Opinią publiczną wstrząsnęła ujawniona niedawno sprawa dwóch dziennikarzy "Gazety Wyborczej" i "Krytyki Politycznej" Justyna Samolińska, działaczka partii Razem, w obliczu tak niewygodnej dla lewicy sprawy, postanowiła dowieść, że problem w znacznie większym stopniu dotyczy prawicy i... wysunęła oskarżenie pod adresem posła Kukiz'15, Marka Jakubiaka. Teraz może mieć kłopoty. 

Działaczka lewicowego ugrupowania na łamach portalu Wirtualna Polska opisała sytuację, która miała wydarzyć się ponad dwa lata temu, podczas wieczoru wyborczego w studiu telewizyjnym, do którego została zaproszona wraz z Jakubiakiem. Jak opisuje Samolińska, program był długi, a przedstawiciele komitetów wyborczych nie mieli głosu. Nie zapomniała zaznaczyć, że była tam jedyną kobietą. Telewizja transmitowała natomiast przemówienia Beaty Szydło oraz Ewy Kopacz. 
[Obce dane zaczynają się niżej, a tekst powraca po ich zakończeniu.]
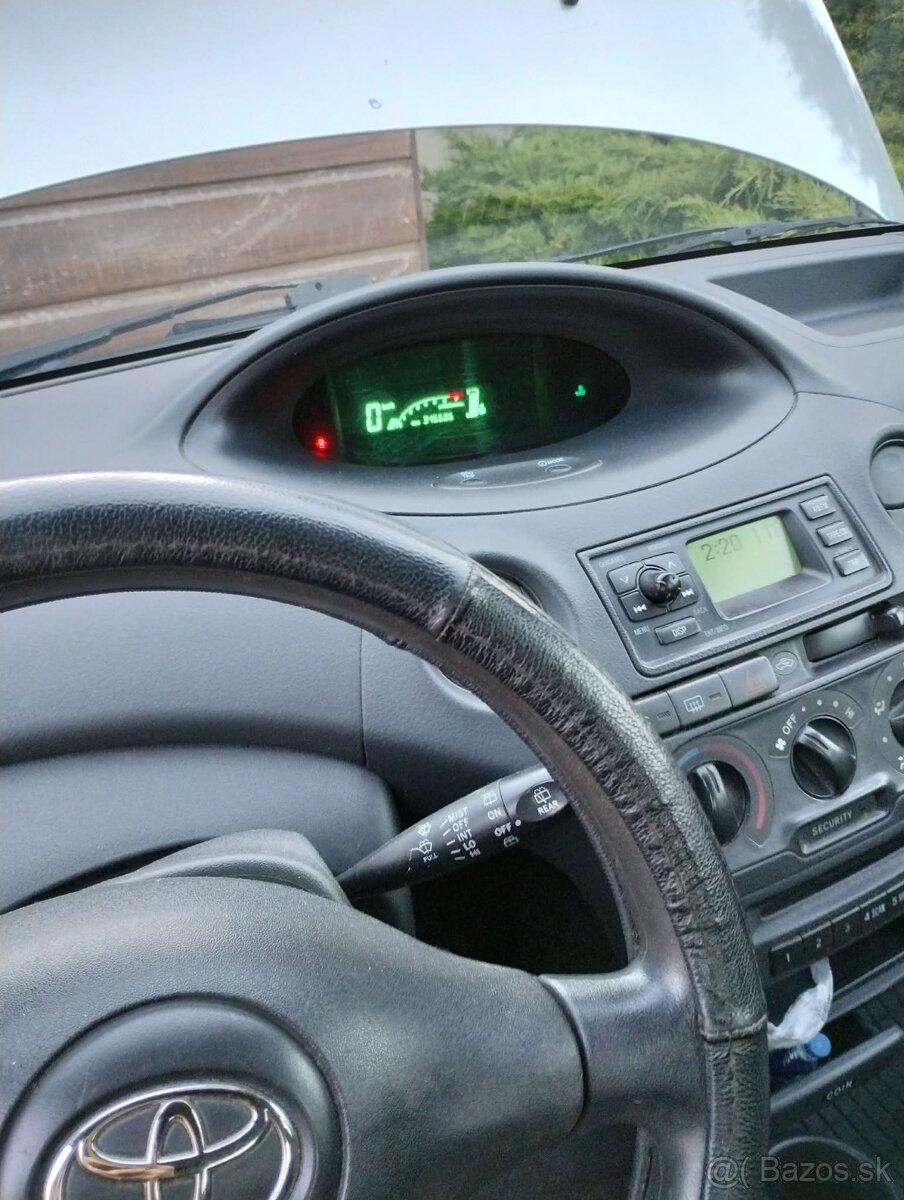 Predám Toyotu yaris - 10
"Znudzony Jakubiak najpierw zaczął z obleśnym uśmiechem pytać, czy nie zimno mi w tej cienkiej bluzeczce, następnie stwierdził z żalem, że program długi, on już wypił całą swoją wodę i poszedłby do toalety, może poszłabym z nim?"- przekonuje Samolińska. W dalszej części artykułu lewicowa działaczka twierdzi również, że poseł Marek Jakubiak jest nazywany "pornoprawicą" przez jedną z posłanek PiS. 

Poseł Kukiz'15 odniósł się już do rewelacji działaczki partii Razem. "Mitomania nie zawsze dobrze się kończy"- podsumował polityk. Jak relacjonuje, podczas wspomnianego programu po jego prawej stronie siedziała "młoda miła stremowana osoba". 

"Nie mam pojęcia o czym Pani pisze, ale współczuję, mitomania nie zawsze dobrze się kończy. Jutro mój prawnik będzie szukał z Panią kontaktu, bo trzeba wiedzieć, że mam swoją szczęśliwą rodzinę którą będę bronił przed złem wszelakim"- zapowiedział Jakubiak. 

"To jest szaleństwo szanowna Pani"- podsumował poseł Kukiz'15.